CASE NO. 888

Heard at Montreal, Tuesday, November 10, 1981






Discipline assessed S.J. Balogh, Locomotive Engineer at London, Ontario for failure to protect assignments between May 26 and June 11, 1980.


Effective June 13, 1980, Mr. S.J. Balogh, Locomotive Engineer at London, Ontario was assessed 20 demerit marks for failure to protect assignments between May 26 and June 11, 1980 and consequently dismissed for accumulation of demerit marks.

The Brotherhood has taken the position that the 20 demerit marks are unwarranted and has asked that they be removed.

The Company has declined their request.




There appeared on behalf of the Company:

R. Birch – Manager, Labour Relations, Montreal

M. Delgreco – Regional Labour Relations Officer, Toronto

P. L. Ross – Coordinator Transportation - Special Projects, Montreal

D. D. Davidson - Assistant Superintendent, London

And on behalf of the Brotherhood:

P. M. Mandziak – General Chairman, Toronto

C. R. Downey – First Vice-General Chairman, Toronto.

S. J. Balogh – Grievor



The grievor booked leave at 1200 on May 26. He did not thereby obtain the right to be absent indefinitely. In fact, on the evening of May 28 he called the Assistant Superintendent at home to explain his situation, which involved personal financial difficulties. In his statement, the grievor acknowledged that he had no reason for waiting two days to advise the Assistant Superintendent. In any event the Assistant Superintendent suggested that the grievor take the balance of the week off. That would include the period up to Friday, May 30, so that the grievor would be available for his assignment on June 2. The grievor did not report at that time.

The Company then attempted to contact the grievor, and left a message – which the grievor acknowledged receiving – to the effect that he was absent without leave, and that he should call and book on for work. This did not amount to a termination of leave without notice (which I agree would have been unfair). Rather, the grievor’s period of leave – known to him – had expired. The grievor did not report to work, did not respond to messages which he received, and did not attempt to contact the Assistant Superintendent as he had previously done.

A registered letter was sent to the grievor, outlining the situation and requiring him to report. On June 5 the grievor had a meeting with Company Officers at which the situation was fully explained to him. He was reminded that allowing other employment to interfere with his work for the Company was considered a dismissable offence, and he was reminded as well that his disciplinary record then stood at 55 demerits, so that his situation was precarious in any event. At that meeting, the grievor indicated that he expected to have resolved his immediate financial difficulties by Monday, June 9. He was told that he would then be expected to return to work, and that he was to call the Assistant Superintendent by 1000 on Tuesday, June 10. The grievor was considering resigning from the Company in order to devote himself to other work, and it was understood that he would advise the Assistant Superintendent of his intentions at that time. On June 10 the grievor telephoned the Assistant Superintendent at 1330 (the starting time of his assignment was 1530) and requested further time off in order to deal with his affairs, which had not yet been resolved. The Assistant Superintendent told the grievor that he did not have permission to book off, and that he was to decide that day whether he would return to work or resign. The grievor said that he would call later that day with his decision.

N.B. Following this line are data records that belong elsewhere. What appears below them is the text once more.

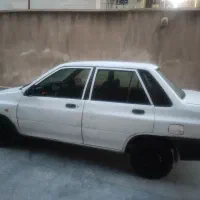 پراید 89 تمام رنگ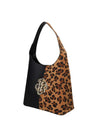 BORSA A SPALLA DONNA - JOHN RICHMOND NERO - RWA25354BO 2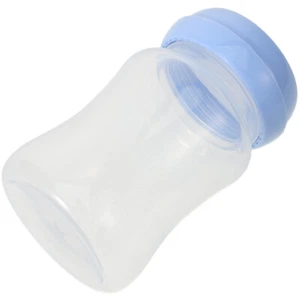 Auslaufsichere Muttermilchflasche Milchaufbewahrungsflasche Büro Reisen - Bild 1 von 12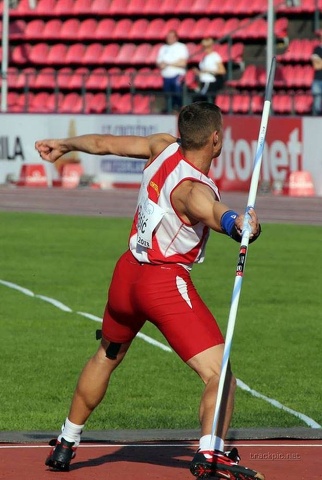 Decathlon Under 23: giovani atleti crescono, bene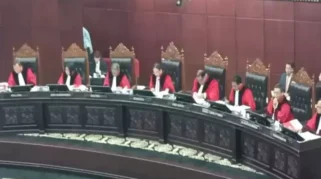 Menjelang Vonis Sengketa Pemilu, Hakim MK Diuji untuk Menjaga Marwah Institusi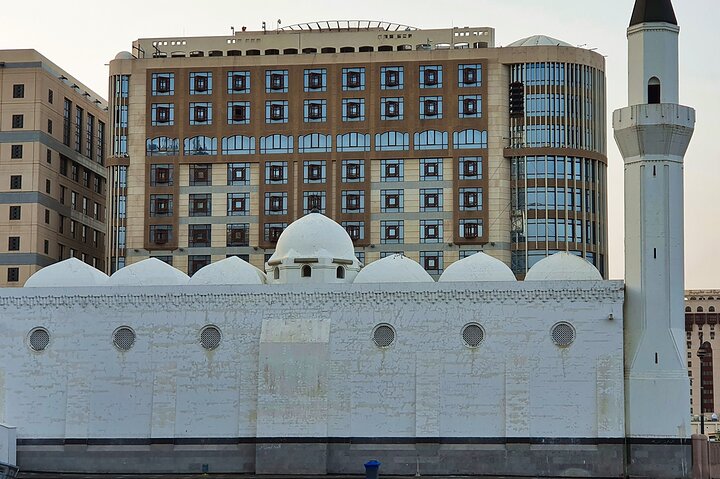 Ziarah Tour from Madinah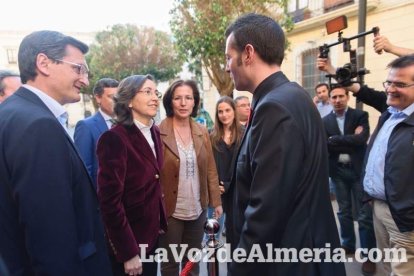 Almería se une a la fiesta global del estreno de ‘Juego de Tronos’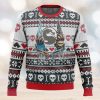 Harborcreek Volunteer Fire Department AOP Ugly Sweater Gift For Christmas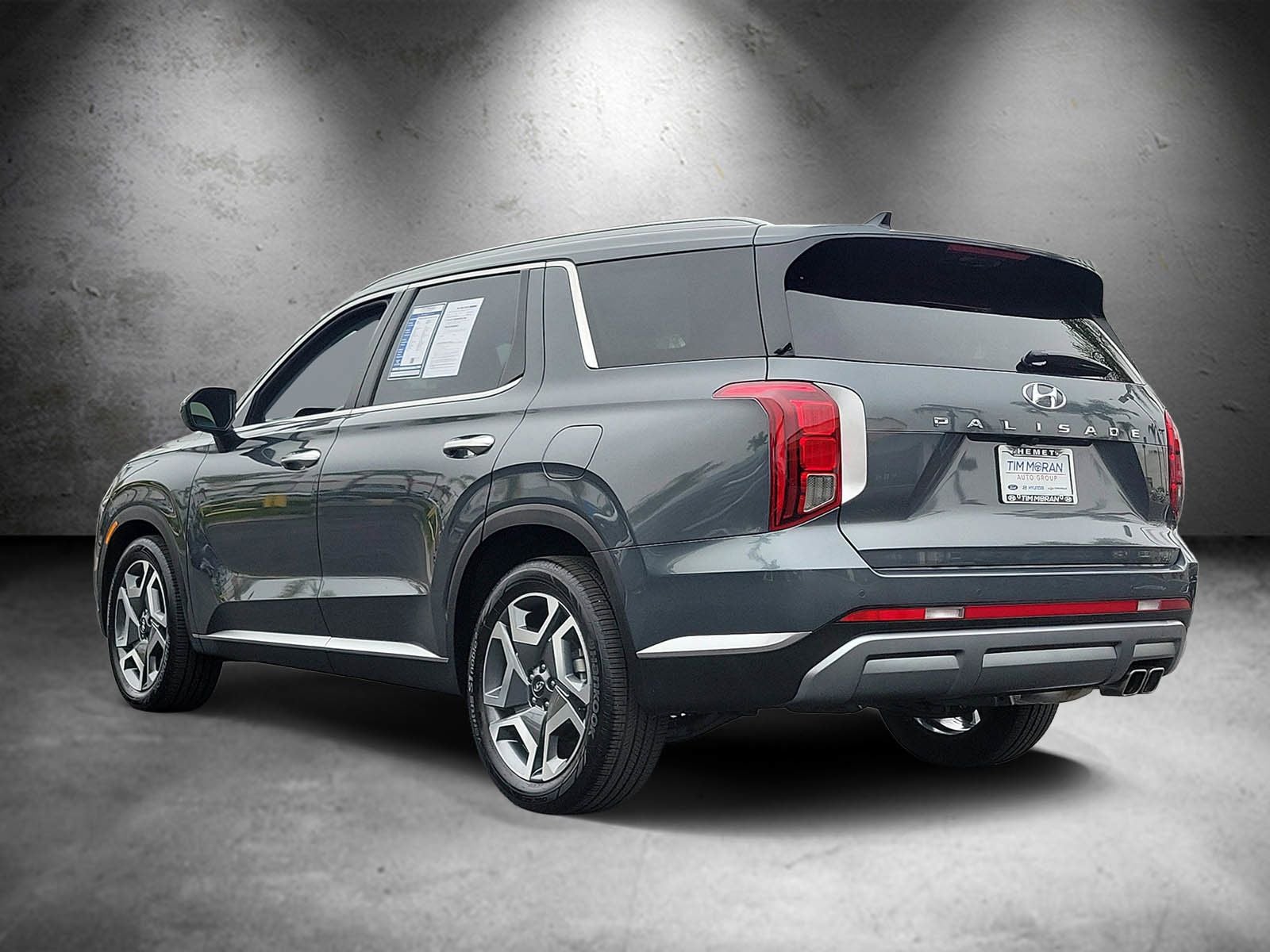 2025 Hyundai Palisade SEL Premium 7 Passenger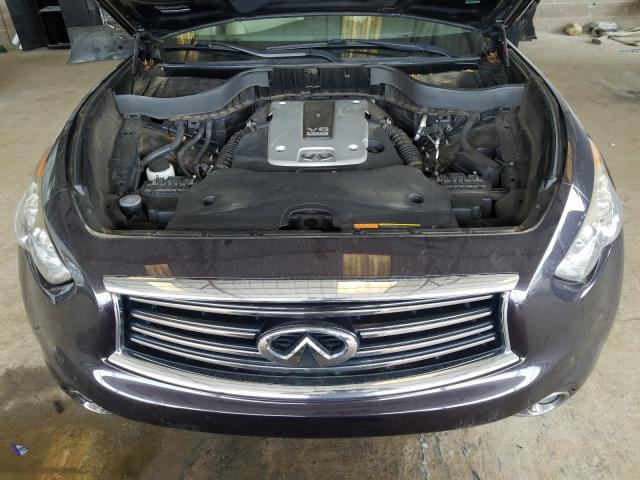 Photo 6 VIN: JN8CS1MU7DM142102 - INFINITI FX37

If, in fact, the grievor had called that day to advise that he wished to remain with the Company, and if he had reported for work the following day, it would be my view that the Company could not then have taken disciplinary action in respect of these absences, about which it had been very accommodating. The grievor did not telephone the Assistant Superintendent, nor did he report for work or contact the Company on June 11. He did report on June 12: it was then too late, however, and the grievor was instructed to report for the investigation which led to the assessment of demerits.

There can be no doubt that the grievor was absent without leave. There can be no doubt, either, that he was given consideration and time off, and later given clear warning that his situation was precarious. It was open to the Company to take disciplinary action when the grievor thereafter was absent without leave. In view of the grievor’s record which includes several similar offences, it would be my view that the assessment of twenty demerits was not excessive, but in any event the grievor’s record of accumulated demerits was such that even a small number of demerits would have subjected him to discharge.

There was, as I find, just cause, in all of the circumstances for the imposition of the penalty in question. Accordingly, the grievance must be dismissed.